# repairing alcohol dropped on polyurethane water based finish on poplar



## common man (May 19, 2013)

someone tried to clean my table using alcohol. there's some damage but no biggie.

the first table has white spots which i assume are alcohol and water based polyurethane finish reacting. i don't care about the appearance of the white spots for now because i was planning on storing away this table top anyway.

the second table seems OK but the rubbed alchol may have made the layer of finish a little thinner. this table originally had 5 coats. 

right now, i just want to apply three coats of finish to the affected areas. i just want to preserve the wood boards in their pristine condition. later when i need to refinish anyway, i can sand off the white spots or strip the finish and refinish.

*question: if i just apply three coats of finish on top of what you see, will there be an problem? is it ok to add more layers of finish to already cured finish? i'm obviously a beginner so i ask.*



















this was the original finish


----------



## sawdust703 (Jun 27, 2014)

well Sir, were it me, I believe I'd take some 150 grit sandpaper, sand out the spots in the finish the best you can, or want to, smooth up your sanding w/180, & then 220. Make sure the area is clean, & start putting finish back on it.

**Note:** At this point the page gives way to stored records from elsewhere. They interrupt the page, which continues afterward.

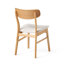 Chaise d'appoint en bois massif Barros-1102988737-1102988748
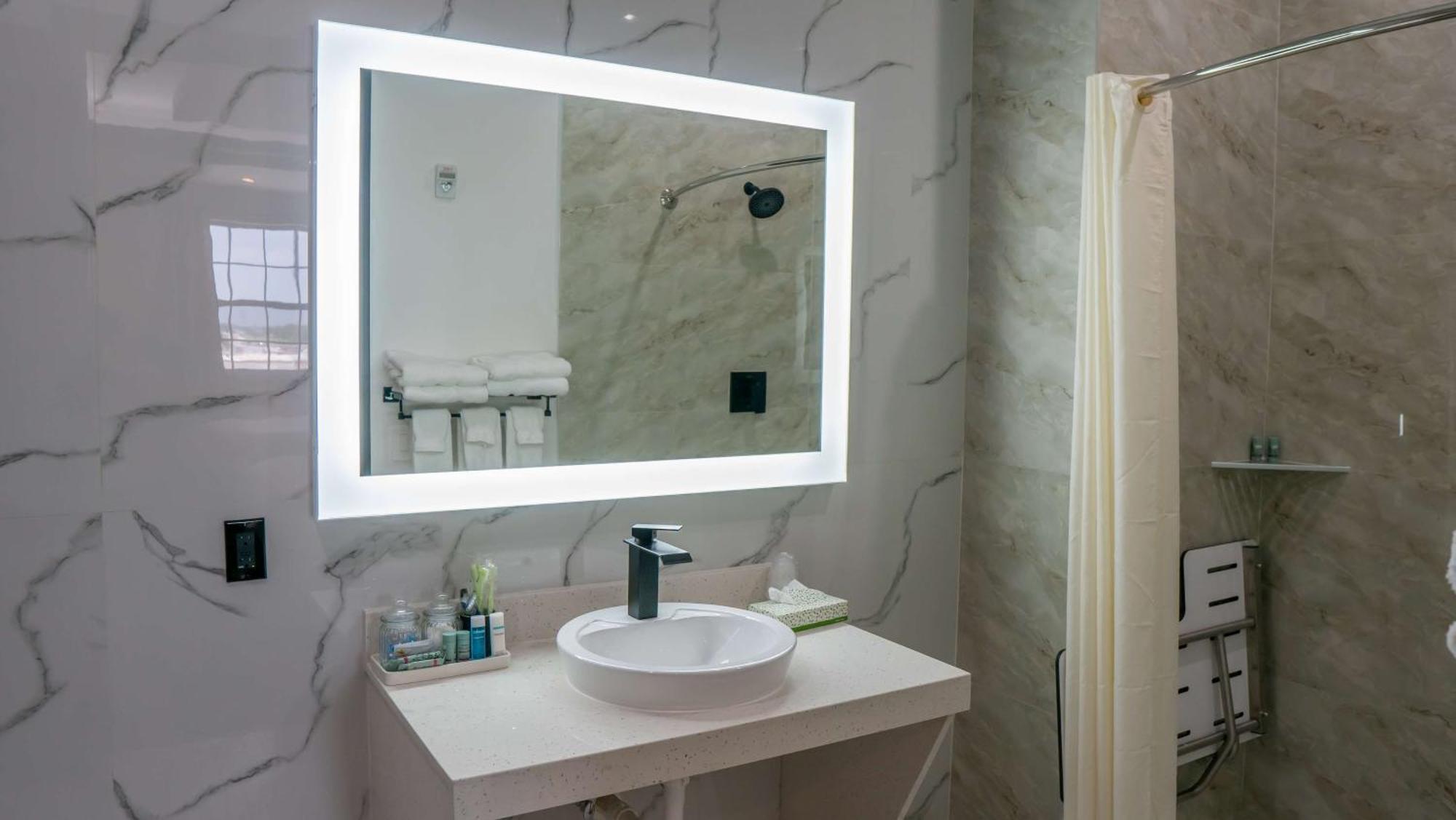 Surestay Hotel By Best Western Houston Southeast South Houston Εξωτερικό φωτογραφία
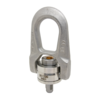 Quick Lift Double Swivel Ring SS QL DSR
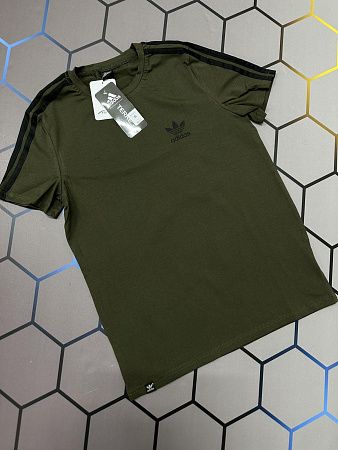 Футболка Alex Clothes 4697 khaki - делук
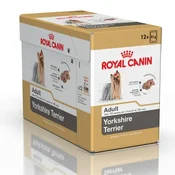 Royal Canin Yorkshire Terrier mokra hrana 12 x 85 g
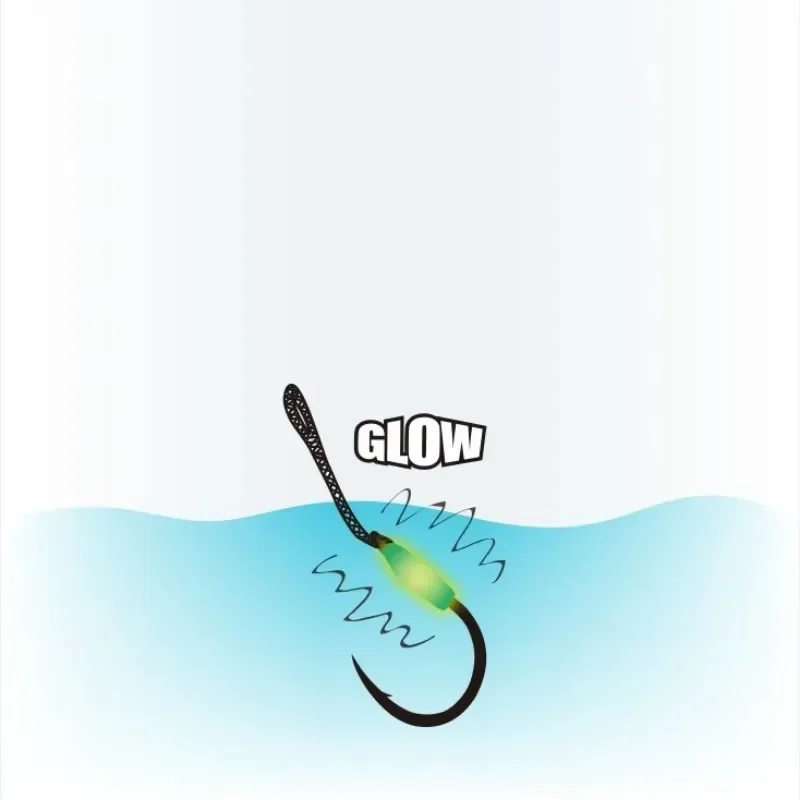 BKK SF Reefmaster NP SF8070 3X NP Light Jigging Assist Anzuelos de pesca individuales de repuesto - imagen 4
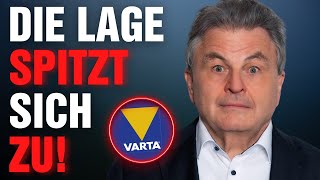 Der VartaVerrat Anleger eiskalt enteignet [upl. by Devonna]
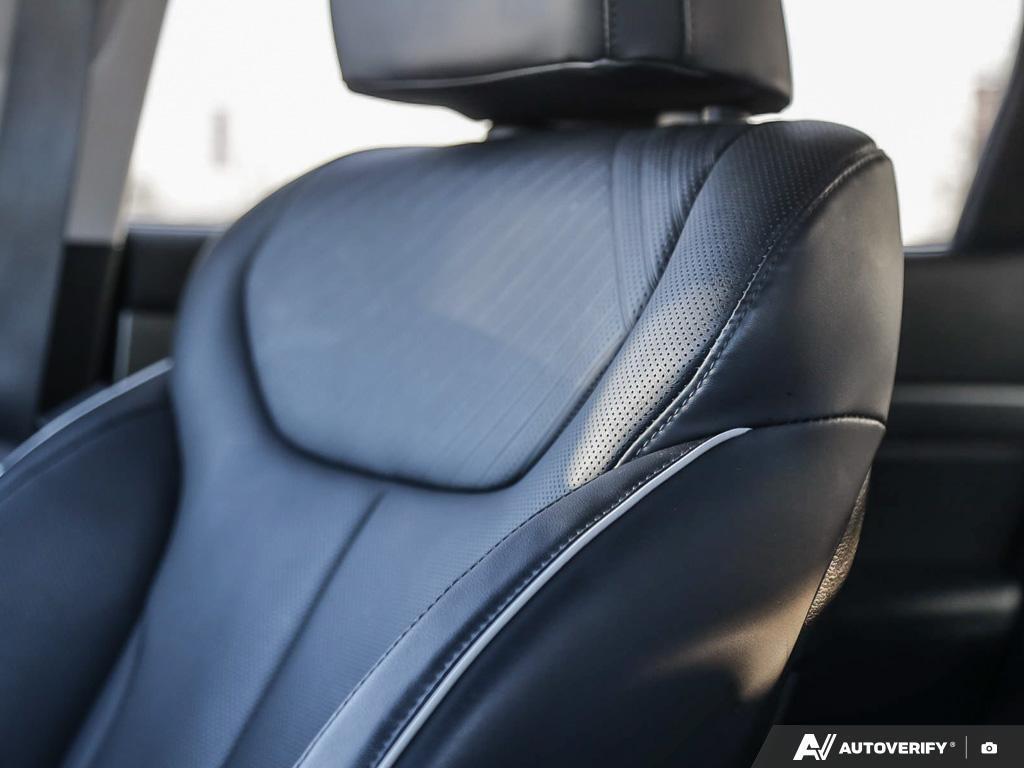 used 2024 Hyundai Palisade car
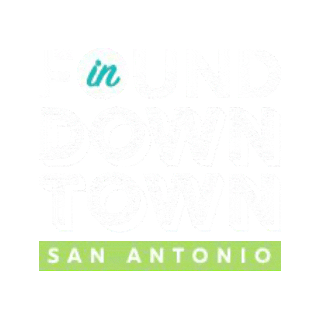 Centro San Antonio Sticker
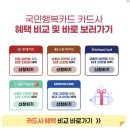 국민생활편의점 | 국민행복카드 신한카드 가입하기 / 사은품 신청 &amp; 수령 후기 - 베베폼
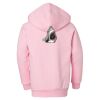 Girls' Full-Zip Hooded Sweatshirt Thumbnail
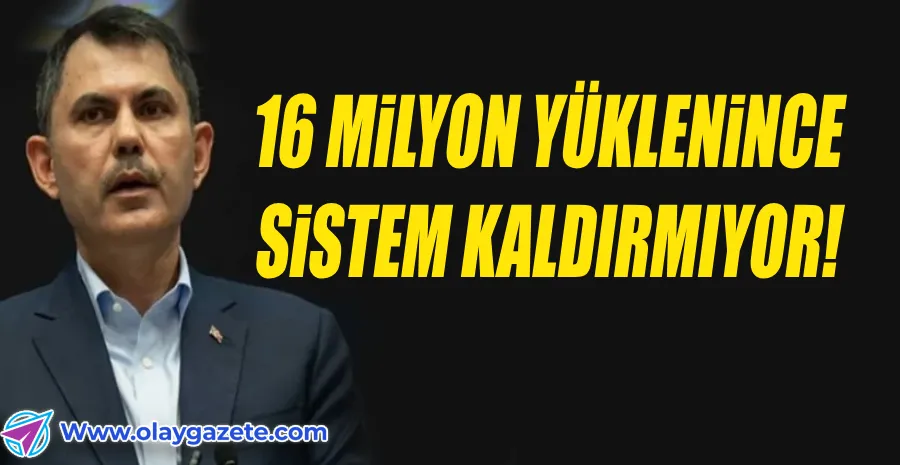 MURAT KURUM DA GSM OPERATÖRLERİNİ SAVUNDU…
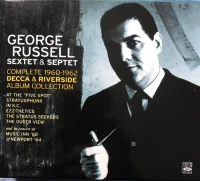 Complete 1960-1962 Decca & Riverside Album Collection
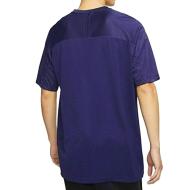 T-shirt de Running Bleu Foncé Homme Nike Knit vue 2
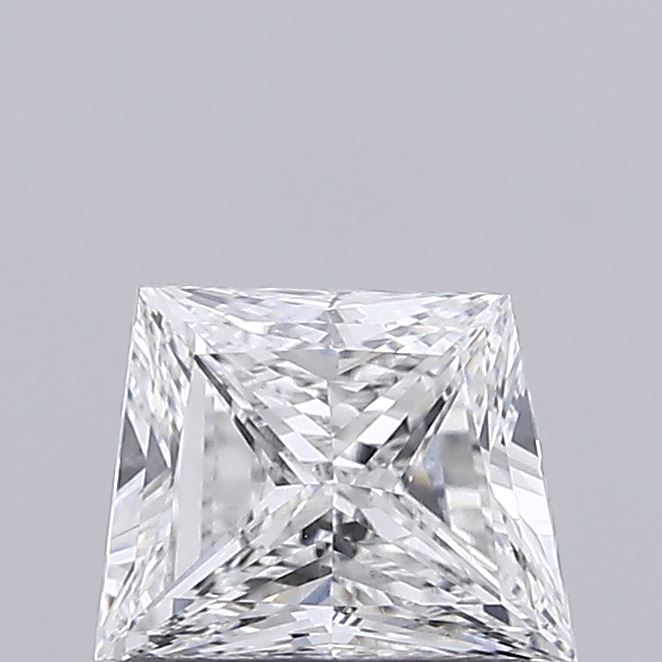 0.77 ct lab-grown Trapezoid Diamond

Allow plenty of drying time, sand w/220 again, apply another coat.


----------



## common man (May 19, 2013)

thank you sir! i did not realize it was so easy haha. i'm used to ikea furniture. i hand sanded with 320 grit. next time i'll use 2000 grit. i'm still pleased with the results. for future purposes i.e. common sense soap and water will be a better disinfectant than alcohol for finished table tops.


----------



## GeorgeC (Jul 30, 2008)

Alcohol should not have caused those spots. Are you sure that is what it is?

George


----------



## common man (May 19, 2013)

GeorgeC said:


> Alcohol should not have caused those spots. Are you sure that is what it is?
> 
> George


definitely. those white spots were never around until a bottle of 70% alcohol was placed on the table. concentrated alcohol + water based finish = white spots? it's nice to say that this is so easy to fix!


----------



## Al B Thayer (Dec 10, 2011)

Lemon juice can remove white spots sometimes. If it's in the finish and not the wood. You can remove a water ring with it.

Al


----------



## Drielok (Mar 2, 2021)

Al B Thayer said:


> Lemon juice can remove white spots sometimes. If it's in the finish and not the wood. You can remove a water ring with it.
> 
> Al


I used lemon oil and let it sit for 30min or longer


----------